Я начал интересоваться политикой совершенно случайно, после того, как поставил в институте театральный вечер, где читали стихи Ашкенази. Я даже не знал, что он был диссидентом, беженцем в ФРГ. Поскольку все происходило после Пражских событий 1968-го, для демонстрации политической бдительности меня исключили из вуза.
Следующим этапом было движение КВН, куда я попал через студенческую самодеятельность. Там было очень много нестандартных и самых известных позже людей, например, Борис Бурда или Борис Херсонский. Правда, до начала 1970-х КВН начал вырождаться, уходит в коммерцию. Перед каждым встал вопрос: в халтурщики или в профессионалы. Я выбрал второе. И заочно окончив институт, попал в Минск, уже знал, что хочу стать театральным режиссером. Правда, в итоге стал документалистом.

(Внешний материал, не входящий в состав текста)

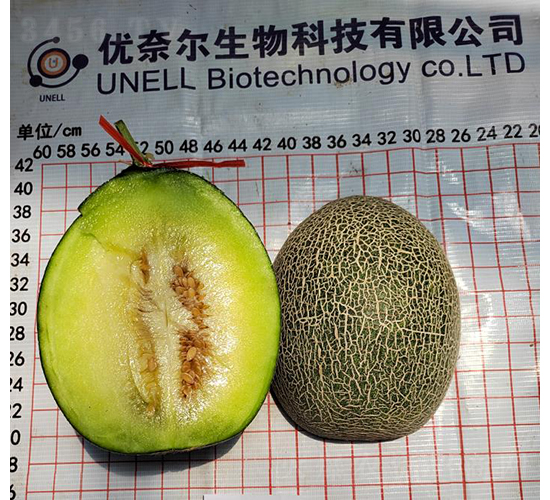 綠肉25爍玉-甜瓜種子-優(yōu)奈爾生物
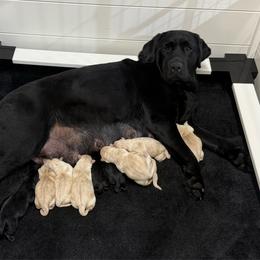 Girl 5 - Yellow female Labrador Retriever puppy in Wilson’s, Virginia from Cedar Hill Farm Labradors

- Не было ли для вас шоком после курортной, портовой Одессы оказаться в достаточно глухом Минске?
- Были, скорее, сложности. Одесса - очень эмоциональная и громкая. И поэтому я воспринимался как очень агрессивный человек. Чуть ли не ежедневно приходилось драться. Были проблемы с милицией. Но вскоре я стал своим.
- Как вам удалось получить право снять свой первый фильм?
- В 1983-м на телефильме лежал сценарий, от которого отказались все режиссеры. Это был нестандартно написанный текст. И тогда главный редактор вспомнил, что за ним давно ходит один парень. Он предложил мне съемки, а я сказал «да». И только потом прочитал сценарий. На самом деле, я снимал не по сценарию, но все равно текст дал толчок. Первая фраза была такая: «Из кабинета райпотребкооперации можно увидеть книжный магазин. А если смотреть из книжного, можно увидеть кабинет. Вот так наши материальные потребности соответствуют духовным, и наоборот». И было понятно, как делать фильм - он должен быть ироничным. И, благодаря такому подходу, выиграл гран-при на всесоюзном фестивале.
- Когда вы впервые услышали о Лукашенко?
- С Лукашенко я совершил ошибку, которую совершила вся Беларусь, которая думает. Я запомнил его голос, который слышал из радио и ТВ. Тогда понимал замысел «молодых волков», которые решили использовать Лукашенко в качестве тарана против непопулярного режима Кебича. Первые пару месяцев после избрания Лукашенко у меня были идеи по реформированию БТ. Мы предложили проект, который в итоге свернули.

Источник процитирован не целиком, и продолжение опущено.